For many Alaska Native communities, subsistence hunting and fishing is a way of life. For the Apassingok family, it accounts for more than 80 percent of their food. If Daniel Apassingok and his sons, Chris and Chase, have a particularly fruitful day out on the water pursuing seals, walruses, and whales, they can feed their entire Siberian Yupik village of Gambell.
So it was a collective victory for the village in April 2017, when then-16-year-old Chris became the youngest person in his community to harpoon a whale: Gambell fed off the bounty for months. But after his mom, Susan, posted about the exciting accomplishment on Facebook and the Anchorage newspaper picked up the news, the family received thousands of online hate messages—even death threats.
At once heartbreaking and heartwarming, this story is the subject of One with the Whale, a new, award-winning documentary that premieres on PBS’s Independent Lens on April 22. Created by co-directors Pete Chelkowski and Jim Wickens with the community’s blessing, it showcases the struggles of subsistence hunting—and the lack of understanding about its importance.
“Subsistence hunting is a traditional lifestyle that’s been passed down from generation to generation, and we rely upon it dearly,” says Daniel Apassingok. “It helps feed not just the community, but the next village and people all over the state.”
With a population of around 600 people, the remote town of Gambell sits on the northwest cape of St. Lawrence Island within the Bering Sea, closer to Russia (36 miles) than the Alaska mainland (200 miles). The environment there is rugged and barren, lacking trees or other vegetation. Conditions can be harsh, with temperatures dropping to -20°F in the winter.
For Chelkowski and Wickens, who are not Indigenous, making this film had a profound impact on their understanding of Alaska Native lifeways. “I’m from New York City, and there are probably more people living in the building I grew up in than in the whole village of Gambell—so witnessing the way of life in Gambell was really eye-opening,” says Chelkowski “But this is not some fairy tale; these are real people who are living in the most difficult conditions on the planet and overcoming seemingly insurmountable obstacles. And they do it with hope and love.”

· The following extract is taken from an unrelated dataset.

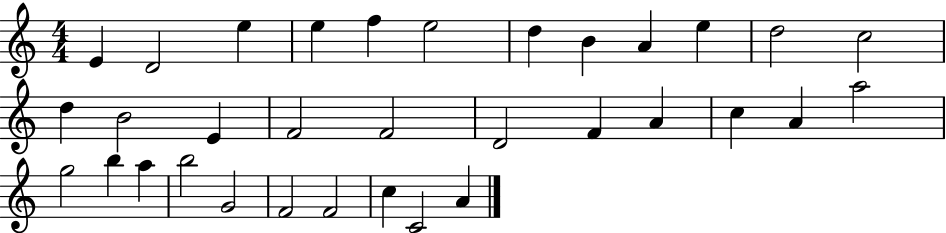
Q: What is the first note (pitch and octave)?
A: E4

In Gambell, packaged foods and other supplies arrive only by plane, and the inflated prices at the local grocery store reflect those import efforts. For their family of five, Susan spends upward of $500 a week on the mainly processed foods that line the store shelves. Compounding matters, a lack of jobs makes it tough for many Gambell residents—whose poverty rate hovers around 35 percent—to afford those high food costs.

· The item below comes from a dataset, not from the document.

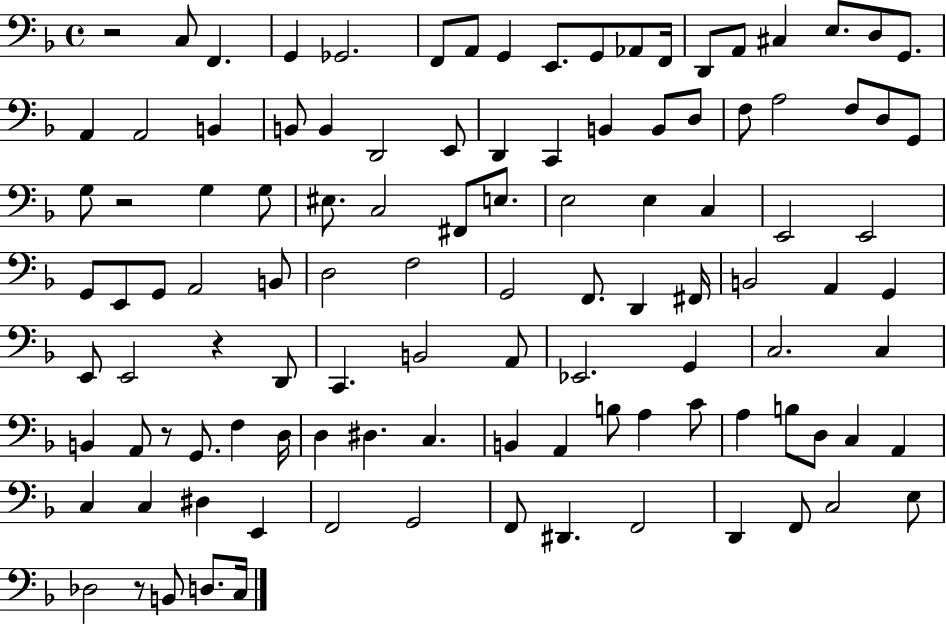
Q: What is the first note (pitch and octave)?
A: C3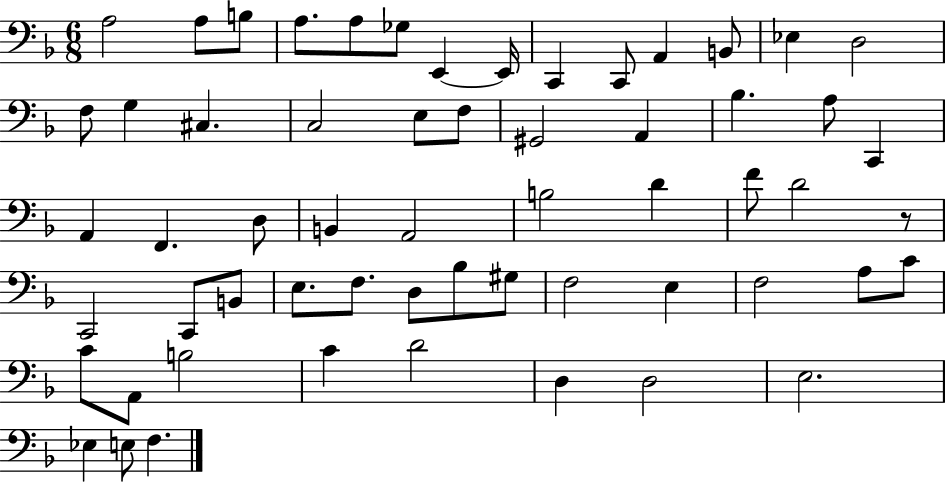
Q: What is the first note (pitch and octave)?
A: A3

“You have to hunt, you have to gather berries, you have to gather sea vegetables,” former John Apangalook School principal Rob Taylor explains in the film. “If you don’t do subsistence activities, you die.”
“You have to hunt, you have to gather berries, you have to gather sea vegetables. If you don’t do subsistence activities, you die.”

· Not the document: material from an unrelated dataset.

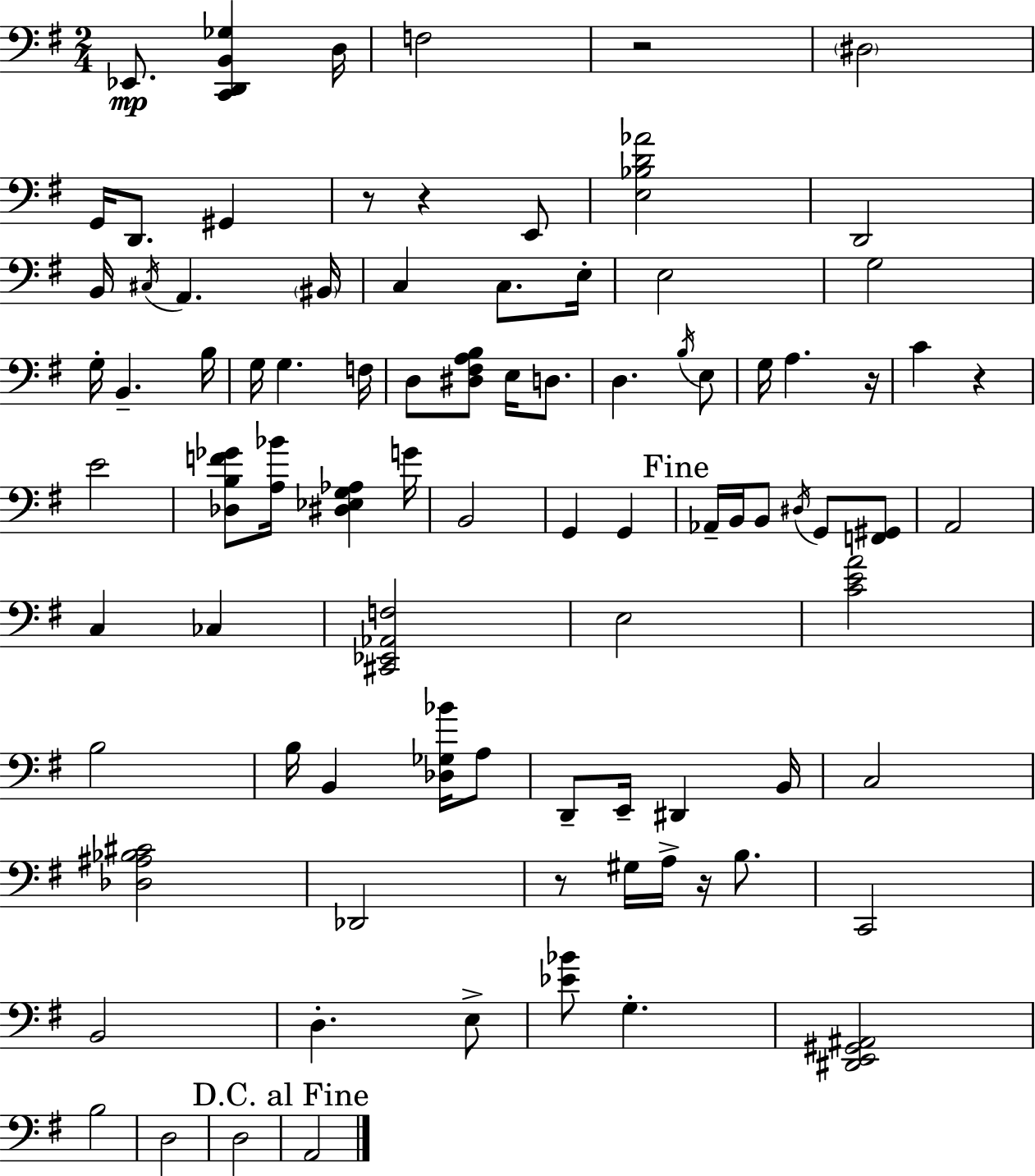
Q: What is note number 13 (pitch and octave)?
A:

The school allows students to miss 10 school days per year for subsistence hunting and gathering, though kids often skip out on more than that in order to put food on the table. Given the imperative of providing for their families, it can be tough to impress upon young people the importance of formal education.
Of particular significance is the springtime bowhead whale migration, which kicks off a weeks-long whaling season starting in late March or early April, when temperatures warm up to 20°F. Apassingok recalls some seasons, like last year’s, when they didn’t catch any whales. In those years, they try to make up for the lost harvest by catching more seals and walruses throughout the spring and summer. But whales—particularly bowheads, one of the largest and heaviest species—are the ultimate prize. Each can yield hundreds of pounds of meat and maktak (skin with blubber), which are rich sources of lean protein, healthy polyunsaturated fatty acids, and vitamins A, D, and E.